This Friday marks the 49th anniversary of when humans first landed on the moon. As someone who supports lunar exploration (last year I announced my Stephen L. Thompson Lunar Exploration Prize) I wanted to do something to mark the occasion. Therefore, from now through Saturday, you will be able to grab my two books dealing with the moon for free.
Hopefully, in the not too distant future humans will return to the moon. We will build bases and colonies, make farms and factories, and live, love and learn. “A Cabin Under a Cloudy Sea and other stories” contains five of my short stories that are all set upon the moon. They give the tiniest glimpse of the possibilities awaiting us there.
Over the last few years a lot of people have caught Mars fever.

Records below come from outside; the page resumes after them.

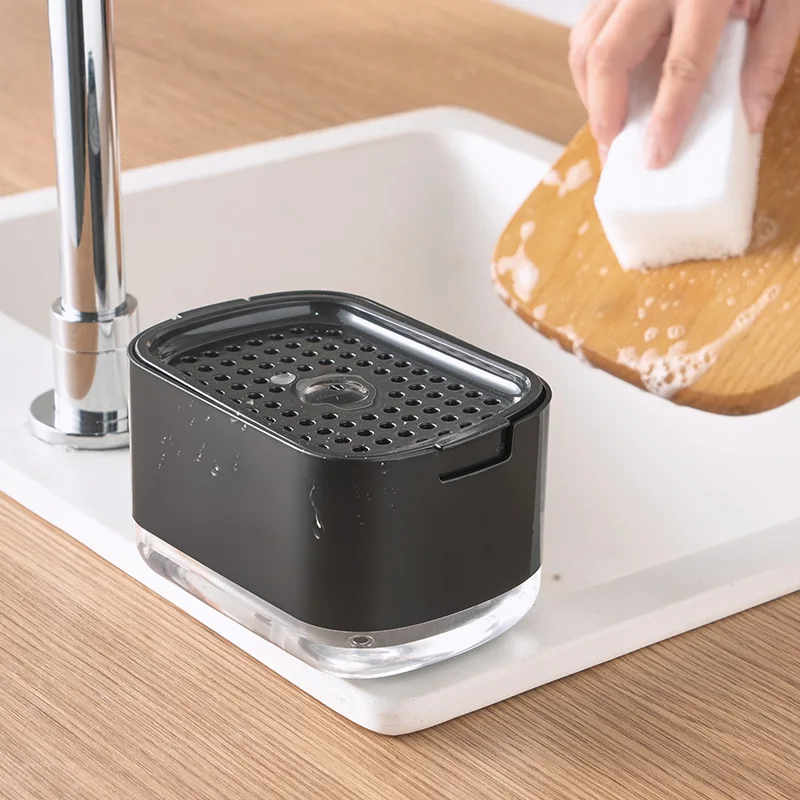 Soap Dispenser With Sponge Hol - Home Kitchen Bathroom Cleaning reseña y precio
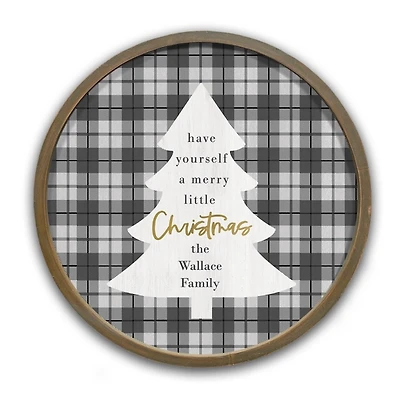 Personalized Christmas Plaid Brown Framed Print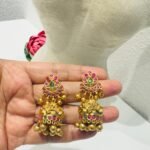 Divine Kemp Jhumka With Golden Beads
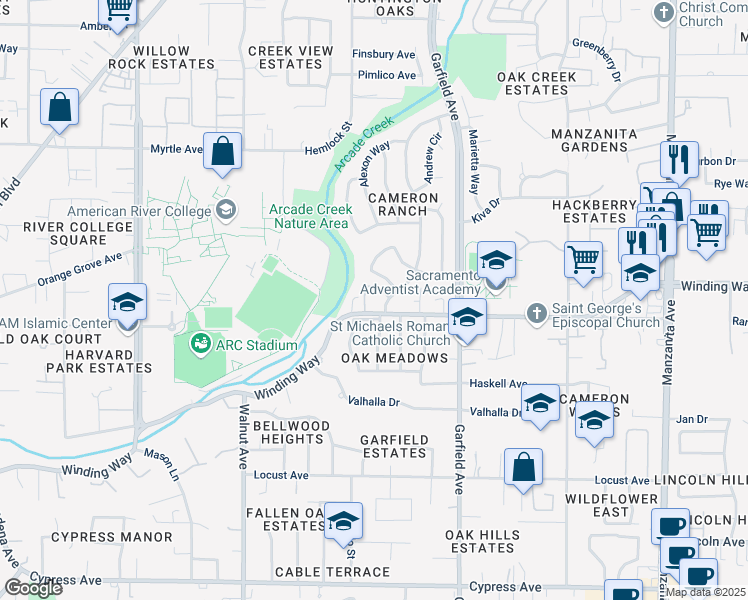 map of restaurants, bars, coffee shops, grocery stores, and more near 5233 Winding Way in Carmichael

It seems a week doesn’t go by without a report of some new group wanting to send people to Mars, or some big name in the industry talking about why we have to go to Mars, or articles talking about the glorious future humanity will have on Mars. All of this worries me. In my opinion, a Mars base is currently not sustainable because there’s no way for it to make money. A few missions may fly doing extraordinary science, but if it’s then cancelled for cost the whole Mars Project may just be seen as an expensive stunt.
Fortunately, there are other places in the solar system besides Mars. While bases on the moon and amongst the asteroids won’t be as inspirational as one on Mars, they will have opportunities for businesses to make goods and services as well as profits, meaning less chance of them being outright cancelled. This will make life better on Earth and secure a firm foothold in space for humanity. The essays in “The Moon Before Mars: Why returning to the moon makes more sense than rushing off to Mars” allow me to describe my ideas on what can be accomplished on the moon and with the asteroids, and why Mars isn’t the destiny of humanity its cheerleaders make it out to be.